先輩
馨先輩に肩を掴まれた時とは裏腹に、先生の手はゴツゴツと大きくて汗ばんだ手をしていて、掴まれているのが嫌で嫌でしょうがなかった。さっきの何倍もの吐き気が一気に私の喉に襲ってきた。
――目を合わせるのが怖い。恐怖に再び体が寒気に犯されていく。
力を緩めることなく、先生は肩を掴みながら私を見つめ続ける。
もう限界だった。
喉が熱くなり、胃の中のものが全部外へ出そうになった瞬間――黒板の上に設置されているスピーカーから、校内放送が流れた。

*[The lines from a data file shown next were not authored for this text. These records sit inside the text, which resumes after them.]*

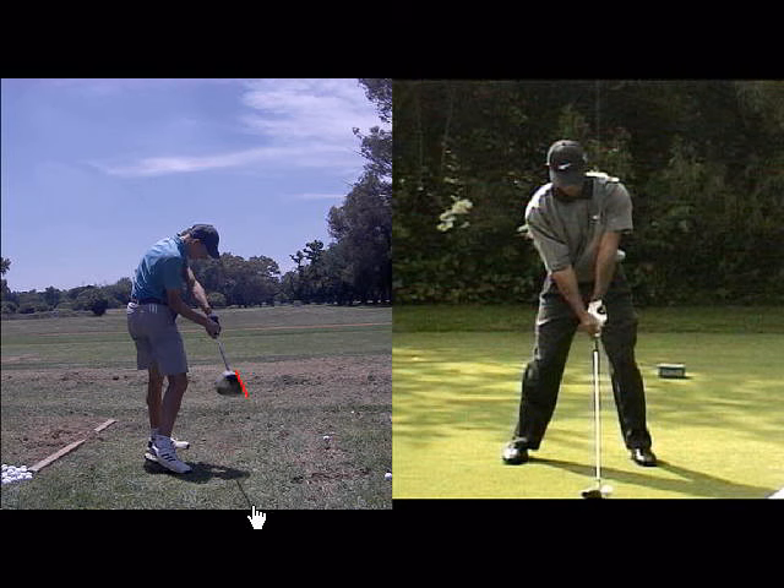With the shorter clubs you'll probably close it too much and hit them left, and then with the longer clubs and the driver, you'll probably find you won't be able to close it in time, so you'll hit a lot of weak fades off to the right-hand side.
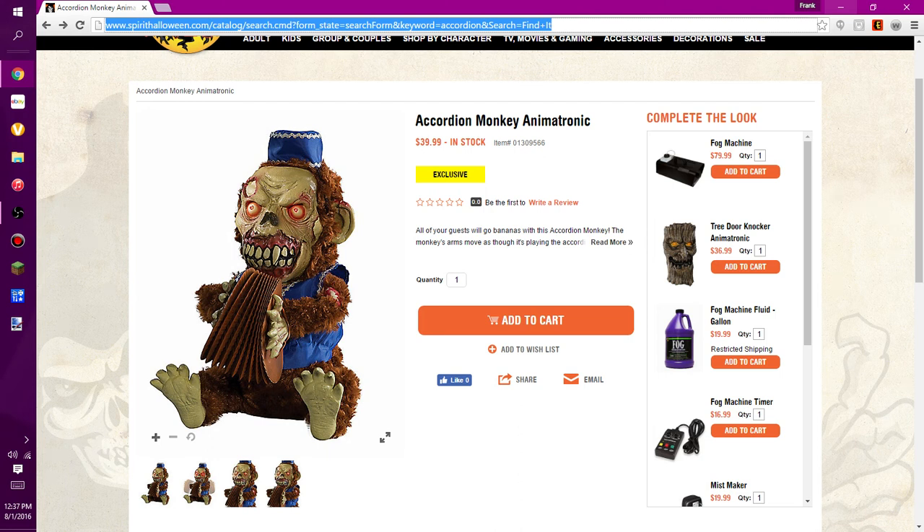Welcome back to another video. In this video today we'll be talking about the brand new Spirit Halloween sneak peek for the Accordion Monkey and Matrona. This item is priced at $39.99, and it's expected to ship right now as it's not on pre-order. It's exclusive to Spirit Halloween, and it looks pretty cool.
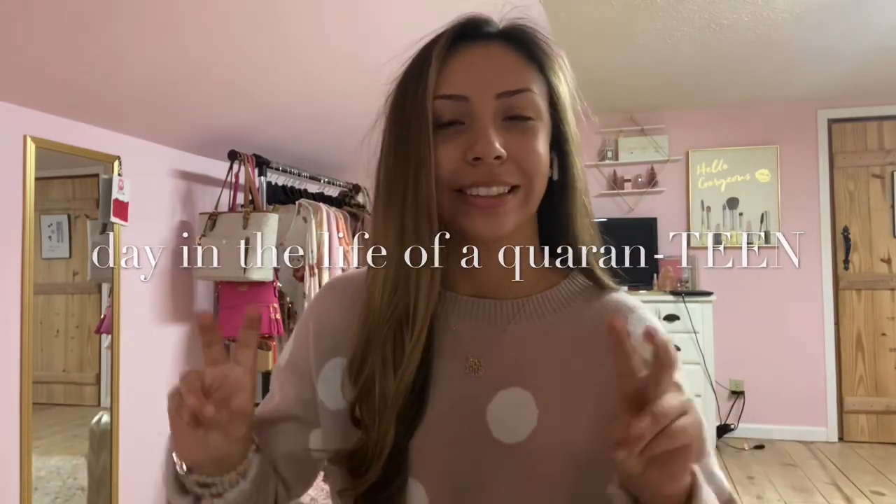Hey guys, it's Lily and today I'm going to be doing a day in the life of a quarantine. But today I'm going to show you what I do every day. Usually I do everything that I'm going to show in this video on the daily.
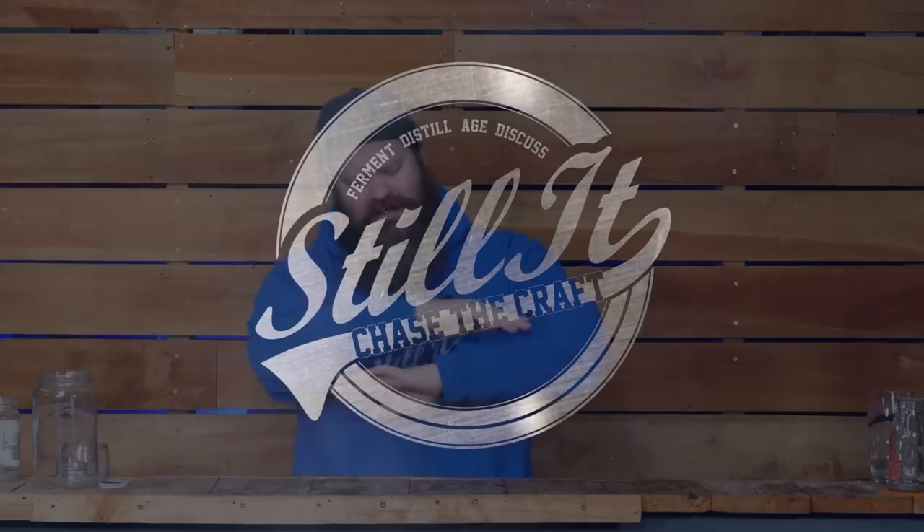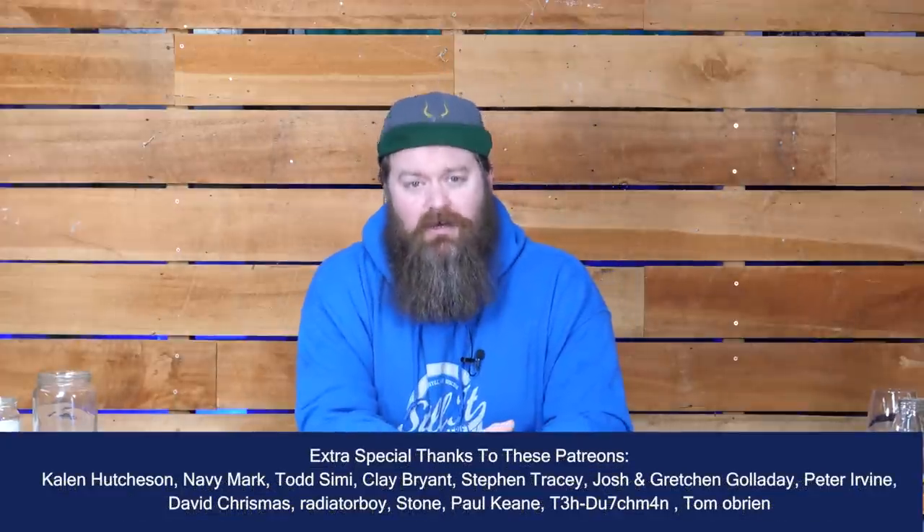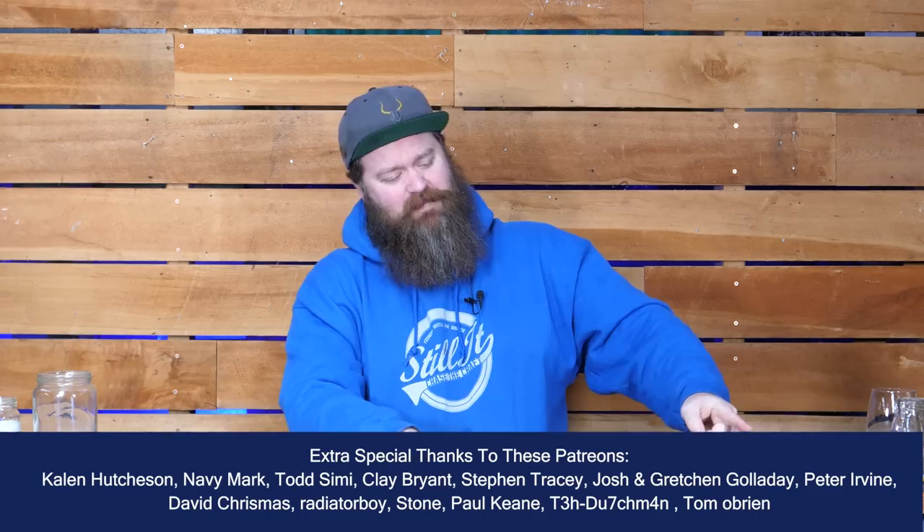How's it going Chasers? I hope you're having a kick-ass week. I'm Jesse and this is the channel all about chasing the craft of home distillation and making it a legitimate hobby. Safety versus not throwing something away.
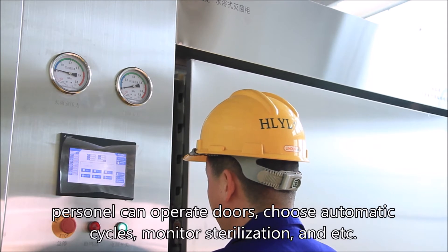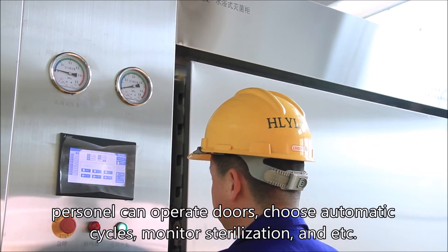Personnel can operate doors, choose automatic cycles, monitor sterilization, and more.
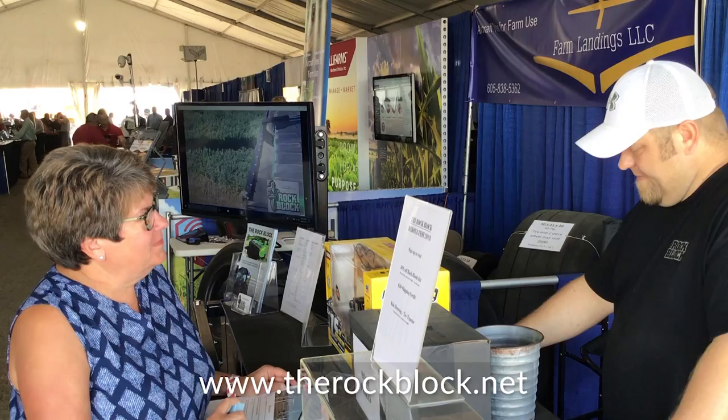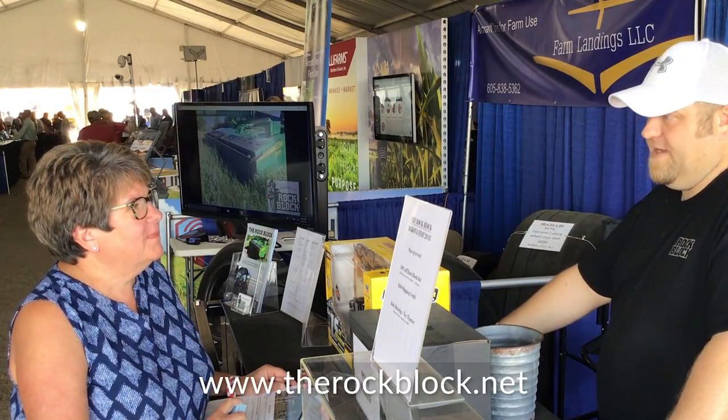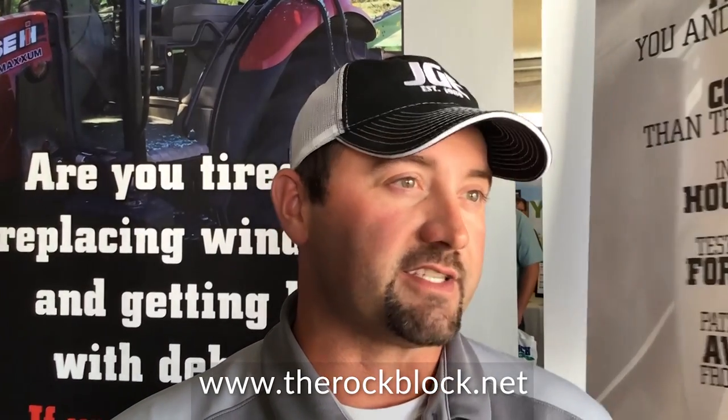Where can you view it and where can you purchase it? We have a website — it's therockblock.net. We're also very active on Facebook. We've got a nice page there with all kinds of pictures, videos, and testimonials of our product.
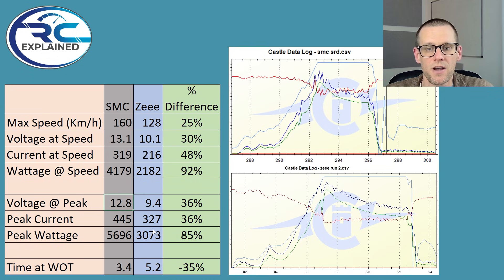The Z got a couple seconds or so more in order to get that top speed of 128. So had the SMC been somewhere closer to 5.2 seconds, we probably could have seen the opportunity of 161 or 162 kilometers per hour — but that just wasn't the case in our test today.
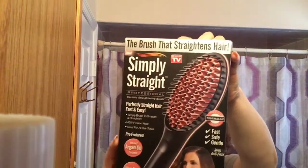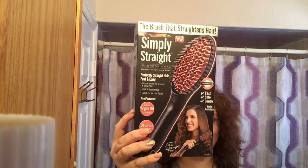I'm gonna do my hair. I'm gonna do a review on this Simply Straight thingy — it's like a brush. It's supposed to straighten out your hair really well. I just bought this to get it out of the box. I'm gonna try it for the first time.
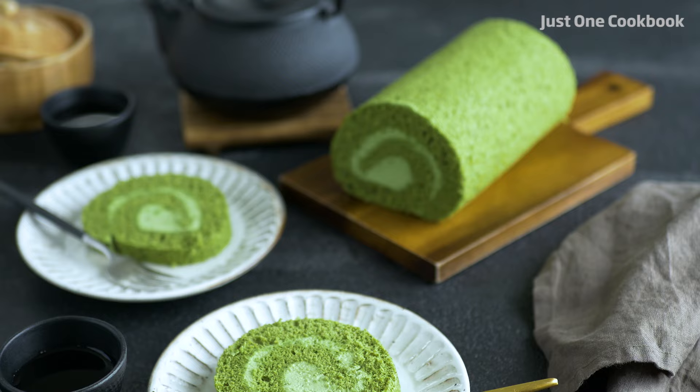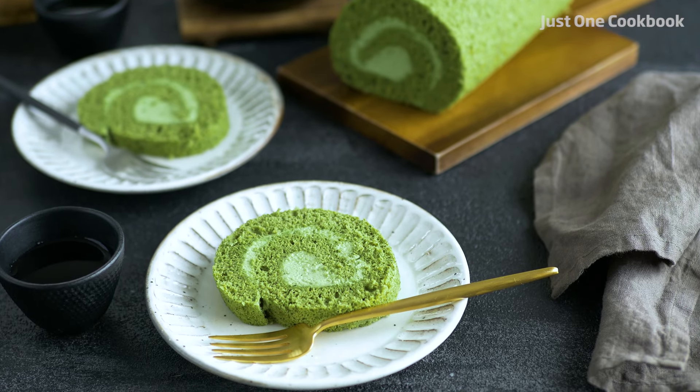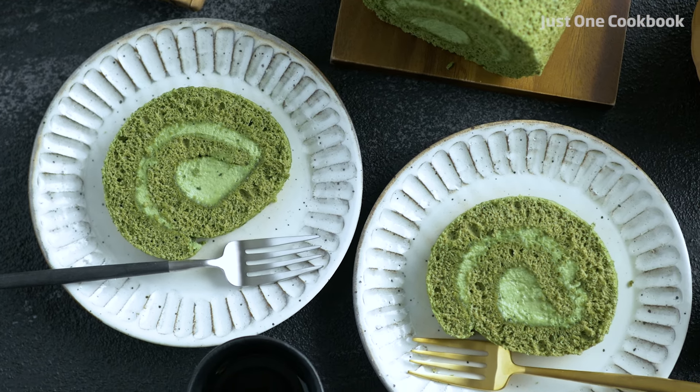Konnichiwa, it's Nami from Just One Cookbook. The dessert recipe that I'm sharing with you today is popular in many countries. It's a type of sponge cake filled with whipped cream and sometimes with fruits like strawberries and raspberries.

「――大和田先生、大和田先生。至急職員室まで来てください」
助かった。校内放送から流れる女性教師の声が、まるで天使の声のように聞こえた。
先生は、スピーカーに向けて見えているのかわからないぐらい目を細めて睨みつけた。私の肩から手を外し、教壇に置いてあるノートや出席簿等を急いで乱暴にまとめて持ち、
「じゃあ美紀君。来年、期待しているよ」
と言って、校舎全体が揺れるんじゃないかと思うくらい重たい足で音を立てながら、廊下を走っていった。
――結局、『生徒会長になってくれ』ということを言うためだけに、私を呼び出したのだろうか。そんな一言で終わるような事、授業が終わった後の休み時間でも言えるじゃないか。
そもそも、生徒会長なんてなったとしても、どうせ今年も合わせてここにはあと二年しかいないのだから、私にとっては別にどうでもいいことなのだ。
なんだか非常に疲れたので、その日は部活に出ずに帰った。時間も部活終わり十分前ぐらいだったし、先生に呼び出されたのが理由だから、サボリにはならないだろう。
夜になり、布団へ横になった時に、放課後の大和田先生とのやりとりを思い出して、恐怖で布団にくるまっているのに手足が死体のように冷たくなって、小刻みに震えていた。